• _Instructions to follow_
Only these lines of the data below are wanted: the one with "Fraidé – Is", the one with "İDDİALI OYUNU GELİYOR!", and any lines between them, each repeated exactly.

• _Supplied records_
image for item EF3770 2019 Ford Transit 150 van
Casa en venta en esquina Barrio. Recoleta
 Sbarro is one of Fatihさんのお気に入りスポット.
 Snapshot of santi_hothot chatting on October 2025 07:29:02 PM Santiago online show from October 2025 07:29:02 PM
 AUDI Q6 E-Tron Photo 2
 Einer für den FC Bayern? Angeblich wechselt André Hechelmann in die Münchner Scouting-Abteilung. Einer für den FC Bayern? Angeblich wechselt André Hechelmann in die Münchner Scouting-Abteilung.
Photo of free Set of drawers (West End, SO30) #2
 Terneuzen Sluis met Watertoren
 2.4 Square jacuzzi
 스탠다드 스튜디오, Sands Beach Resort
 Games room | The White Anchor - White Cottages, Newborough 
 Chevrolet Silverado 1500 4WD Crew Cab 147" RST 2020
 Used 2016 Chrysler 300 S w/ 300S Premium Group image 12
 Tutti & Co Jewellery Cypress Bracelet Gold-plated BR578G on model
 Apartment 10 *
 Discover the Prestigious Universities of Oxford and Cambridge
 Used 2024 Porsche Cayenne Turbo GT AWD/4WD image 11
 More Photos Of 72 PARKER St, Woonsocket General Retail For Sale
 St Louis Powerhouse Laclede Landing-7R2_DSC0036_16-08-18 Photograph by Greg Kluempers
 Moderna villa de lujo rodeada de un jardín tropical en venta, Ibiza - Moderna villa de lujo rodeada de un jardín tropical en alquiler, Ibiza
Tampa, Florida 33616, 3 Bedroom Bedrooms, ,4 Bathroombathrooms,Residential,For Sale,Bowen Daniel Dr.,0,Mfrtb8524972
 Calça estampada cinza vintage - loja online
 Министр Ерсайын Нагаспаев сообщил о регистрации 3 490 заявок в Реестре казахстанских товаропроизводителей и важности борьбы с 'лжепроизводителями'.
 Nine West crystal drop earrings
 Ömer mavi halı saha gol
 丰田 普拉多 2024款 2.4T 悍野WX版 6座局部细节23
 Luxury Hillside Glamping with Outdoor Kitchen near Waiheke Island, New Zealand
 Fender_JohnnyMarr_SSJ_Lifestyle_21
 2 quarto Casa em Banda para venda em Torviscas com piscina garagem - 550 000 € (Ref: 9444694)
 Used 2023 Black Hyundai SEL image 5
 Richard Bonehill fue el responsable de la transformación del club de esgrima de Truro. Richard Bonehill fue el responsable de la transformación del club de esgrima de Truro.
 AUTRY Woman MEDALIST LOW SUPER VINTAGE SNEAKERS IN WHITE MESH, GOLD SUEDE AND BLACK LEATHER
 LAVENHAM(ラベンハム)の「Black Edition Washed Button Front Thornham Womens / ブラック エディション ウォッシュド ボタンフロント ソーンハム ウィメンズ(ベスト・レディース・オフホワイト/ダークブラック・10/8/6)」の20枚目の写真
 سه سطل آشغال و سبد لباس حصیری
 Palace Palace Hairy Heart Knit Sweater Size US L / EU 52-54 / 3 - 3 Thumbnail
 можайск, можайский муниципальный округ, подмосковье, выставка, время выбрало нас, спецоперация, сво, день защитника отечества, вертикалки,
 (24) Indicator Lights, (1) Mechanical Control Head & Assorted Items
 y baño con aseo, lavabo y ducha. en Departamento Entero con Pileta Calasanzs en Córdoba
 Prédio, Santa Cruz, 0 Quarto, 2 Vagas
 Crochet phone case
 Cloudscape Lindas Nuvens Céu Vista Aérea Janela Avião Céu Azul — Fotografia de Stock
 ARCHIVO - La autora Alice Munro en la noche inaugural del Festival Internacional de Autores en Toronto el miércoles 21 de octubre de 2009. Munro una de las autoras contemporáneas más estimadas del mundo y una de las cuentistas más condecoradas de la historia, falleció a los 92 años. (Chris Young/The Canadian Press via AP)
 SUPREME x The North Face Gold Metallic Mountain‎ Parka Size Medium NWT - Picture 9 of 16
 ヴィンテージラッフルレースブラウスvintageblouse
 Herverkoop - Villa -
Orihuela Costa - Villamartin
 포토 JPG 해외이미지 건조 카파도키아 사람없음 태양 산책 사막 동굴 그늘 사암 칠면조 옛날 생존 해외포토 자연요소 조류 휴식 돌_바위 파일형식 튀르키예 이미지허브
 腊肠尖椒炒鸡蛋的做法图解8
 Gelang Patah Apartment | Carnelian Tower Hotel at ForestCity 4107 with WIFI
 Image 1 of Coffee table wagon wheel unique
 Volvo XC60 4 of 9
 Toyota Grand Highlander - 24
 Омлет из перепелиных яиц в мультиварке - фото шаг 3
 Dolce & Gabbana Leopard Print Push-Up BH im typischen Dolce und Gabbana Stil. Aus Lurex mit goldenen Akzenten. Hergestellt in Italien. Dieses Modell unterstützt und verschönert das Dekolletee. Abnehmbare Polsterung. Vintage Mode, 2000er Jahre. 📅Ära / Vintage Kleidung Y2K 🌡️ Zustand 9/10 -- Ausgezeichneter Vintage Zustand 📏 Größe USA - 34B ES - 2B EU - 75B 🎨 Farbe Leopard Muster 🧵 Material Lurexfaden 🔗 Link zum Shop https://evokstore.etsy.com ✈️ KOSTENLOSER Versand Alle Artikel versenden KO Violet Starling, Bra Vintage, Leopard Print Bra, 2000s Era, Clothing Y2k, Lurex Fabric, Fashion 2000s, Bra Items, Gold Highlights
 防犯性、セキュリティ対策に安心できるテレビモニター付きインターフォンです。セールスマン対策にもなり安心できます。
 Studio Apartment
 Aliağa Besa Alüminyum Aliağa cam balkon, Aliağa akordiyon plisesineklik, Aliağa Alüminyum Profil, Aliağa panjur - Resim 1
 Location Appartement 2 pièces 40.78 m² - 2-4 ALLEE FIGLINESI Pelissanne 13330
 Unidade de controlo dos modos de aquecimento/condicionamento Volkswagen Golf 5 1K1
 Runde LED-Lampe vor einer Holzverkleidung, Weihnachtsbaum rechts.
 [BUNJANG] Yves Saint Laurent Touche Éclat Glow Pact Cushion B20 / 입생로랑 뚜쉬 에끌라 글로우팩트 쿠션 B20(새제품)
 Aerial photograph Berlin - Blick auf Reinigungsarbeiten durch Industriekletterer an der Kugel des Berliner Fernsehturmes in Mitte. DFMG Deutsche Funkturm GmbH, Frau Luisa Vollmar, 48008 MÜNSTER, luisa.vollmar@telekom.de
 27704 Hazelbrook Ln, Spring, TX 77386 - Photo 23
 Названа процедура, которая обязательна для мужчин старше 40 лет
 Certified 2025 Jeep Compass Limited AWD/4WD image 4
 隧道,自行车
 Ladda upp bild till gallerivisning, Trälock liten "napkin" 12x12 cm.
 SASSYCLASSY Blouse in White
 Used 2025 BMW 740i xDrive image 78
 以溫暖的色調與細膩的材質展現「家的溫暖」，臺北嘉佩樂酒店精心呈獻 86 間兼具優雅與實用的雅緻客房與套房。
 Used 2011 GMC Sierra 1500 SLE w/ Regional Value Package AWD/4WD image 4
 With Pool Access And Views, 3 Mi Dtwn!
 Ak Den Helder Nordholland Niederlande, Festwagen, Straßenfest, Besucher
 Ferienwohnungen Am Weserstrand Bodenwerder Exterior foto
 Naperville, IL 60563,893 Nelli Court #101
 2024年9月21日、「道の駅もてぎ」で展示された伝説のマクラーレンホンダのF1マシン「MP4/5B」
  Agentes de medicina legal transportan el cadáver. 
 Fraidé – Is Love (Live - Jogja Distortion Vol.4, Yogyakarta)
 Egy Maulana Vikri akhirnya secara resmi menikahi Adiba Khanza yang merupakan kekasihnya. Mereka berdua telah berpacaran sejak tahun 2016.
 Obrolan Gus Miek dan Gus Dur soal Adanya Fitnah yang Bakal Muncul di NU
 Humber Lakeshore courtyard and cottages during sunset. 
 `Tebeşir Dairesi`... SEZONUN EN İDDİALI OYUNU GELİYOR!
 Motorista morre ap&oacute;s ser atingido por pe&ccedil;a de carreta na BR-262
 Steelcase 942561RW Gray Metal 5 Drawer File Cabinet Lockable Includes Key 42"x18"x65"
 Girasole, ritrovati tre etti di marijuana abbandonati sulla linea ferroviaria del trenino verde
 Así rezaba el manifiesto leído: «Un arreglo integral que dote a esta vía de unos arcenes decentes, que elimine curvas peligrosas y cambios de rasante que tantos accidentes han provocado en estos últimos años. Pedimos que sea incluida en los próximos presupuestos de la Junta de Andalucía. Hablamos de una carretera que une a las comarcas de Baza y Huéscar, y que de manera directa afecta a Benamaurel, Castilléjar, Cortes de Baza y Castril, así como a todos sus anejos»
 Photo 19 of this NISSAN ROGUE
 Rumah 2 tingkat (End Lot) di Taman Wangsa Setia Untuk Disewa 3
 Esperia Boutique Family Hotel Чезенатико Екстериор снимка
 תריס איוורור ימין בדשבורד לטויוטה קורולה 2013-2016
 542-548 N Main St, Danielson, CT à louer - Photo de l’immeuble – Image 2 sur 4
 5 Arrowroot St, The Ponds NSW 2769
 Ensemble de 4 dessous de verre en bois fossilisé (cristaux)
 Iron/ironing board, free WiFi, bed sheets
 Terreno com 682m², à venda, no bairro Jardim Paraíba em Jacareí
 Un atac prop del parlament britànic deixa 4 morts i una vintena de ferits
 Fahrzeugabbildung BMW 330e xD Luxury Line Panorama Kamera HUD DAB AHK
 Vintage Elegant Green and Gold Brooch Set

• _Completed task_
 Fraidé – Is Love (Live - Jogja Distortion Vol.4, Yogyakarta)
 Egy Maulana Vikri akhirnya secara resmi menikahi Adiba Khanza yang merupakan kekasihnya. Mereka berdua telah berpacaran sejak tahun 2016.
 Obrolan Gus Miek dan Gus Dur soal Adanya Fitnah yang Bakal Muncul di NU
 Humber Lakeshore courtyard and cottages during sunset. 
 `Tebeşir Dairesi`... SEZONUN EN İDDİALI OYUNU GELİYOR!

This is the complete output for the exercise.